Advantages: No quality loss; exact original can be reconstructed Disadvantages: Smaller compression ratios than lossy — files are not as small

Examples: PNG (images), FLAC (audio), ZIP (files)

OCR J277 does not require the ability to carry out specific compression algorithms (e.g. run-length encoding steps). Only the principles and trade-offs are required.

Common Exam Mistakes

1. Saying Unicode "replaces" ASCII

Unicode extends ASCII — its first 128 values are identical to ASCII codes. Unicode doesn't replace ASCII; it subsumes it and adds a vastly larger set of characters for other languages and symbols.

2. Confusing resolution and colour depth

Resolution = number of pixels (affects detail). Colour depth = bits per pixel (affects colour range). Both affect file size, but through different mechanisms.

3. Saying lossy compression "is always worse"

Lossy compression reduces quality, but for many applications (streaming, web images, social media) the quality reduction is imperceptible to human senses and the file size savings are significant.

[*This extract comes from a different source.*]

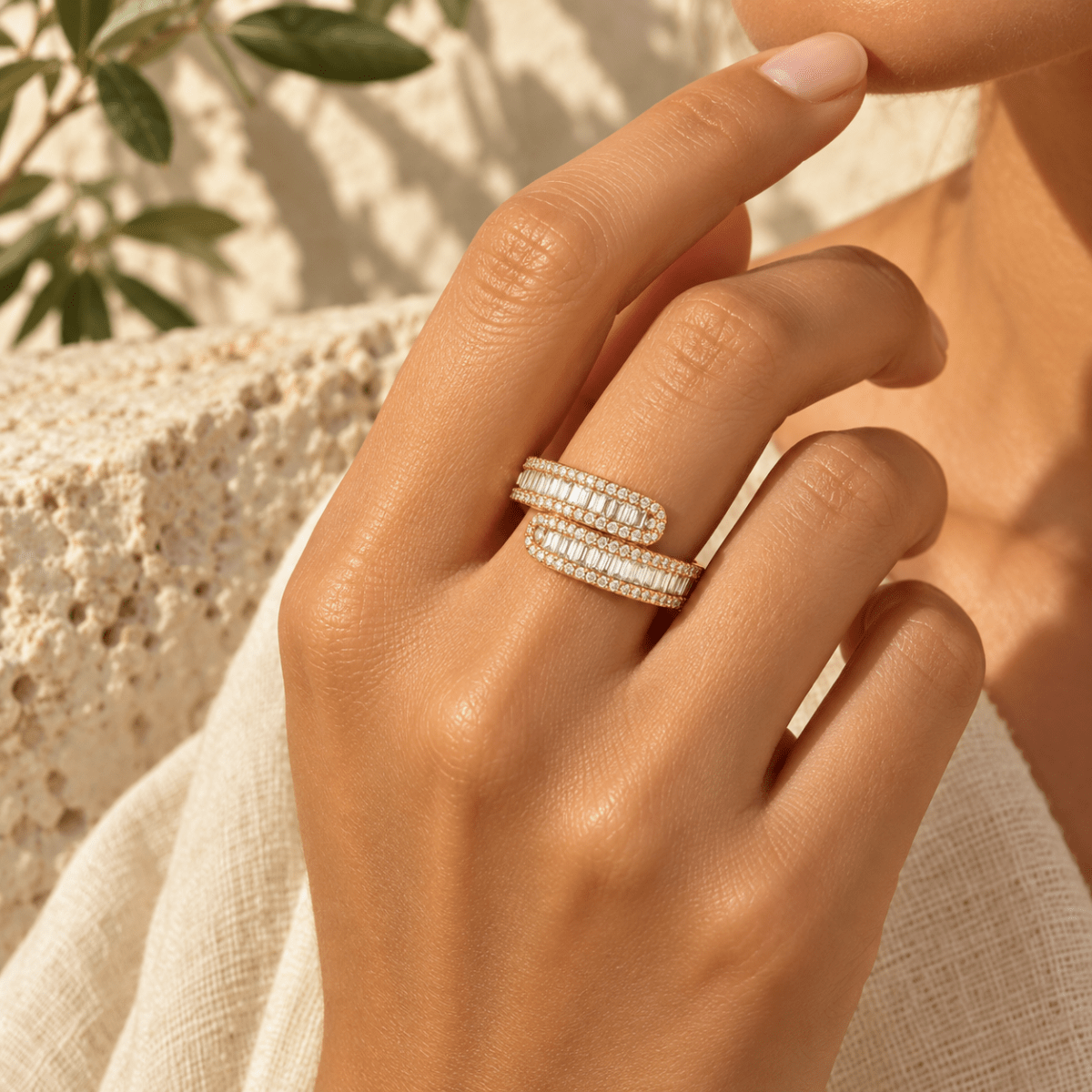 Candellia Baguette Bypass Ring - Luzy Jewels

It is the right choice in those contexts.

4. Sample rate and bit depth confusion

Sample rate = how often you measure (Hz). Bit depth = how precisely you measure each sample (bits). Higher values of both improve quality but increase file size.

Mistake	Correction
"Increasing bit depth increases sample rate"	They are independent; bit depth affects precision per sample, sample rate affects frequency of sampling
"Lossless compression makes files smaller than lossy"	Lossy achieves greater compression by discarding data; lossless is smaller than uncompressed but larger than lossy
"ASCII can represent any character"	ASCII covers only 128/256 characters; Unicode is needed for non-Latin languages, emoji, etc.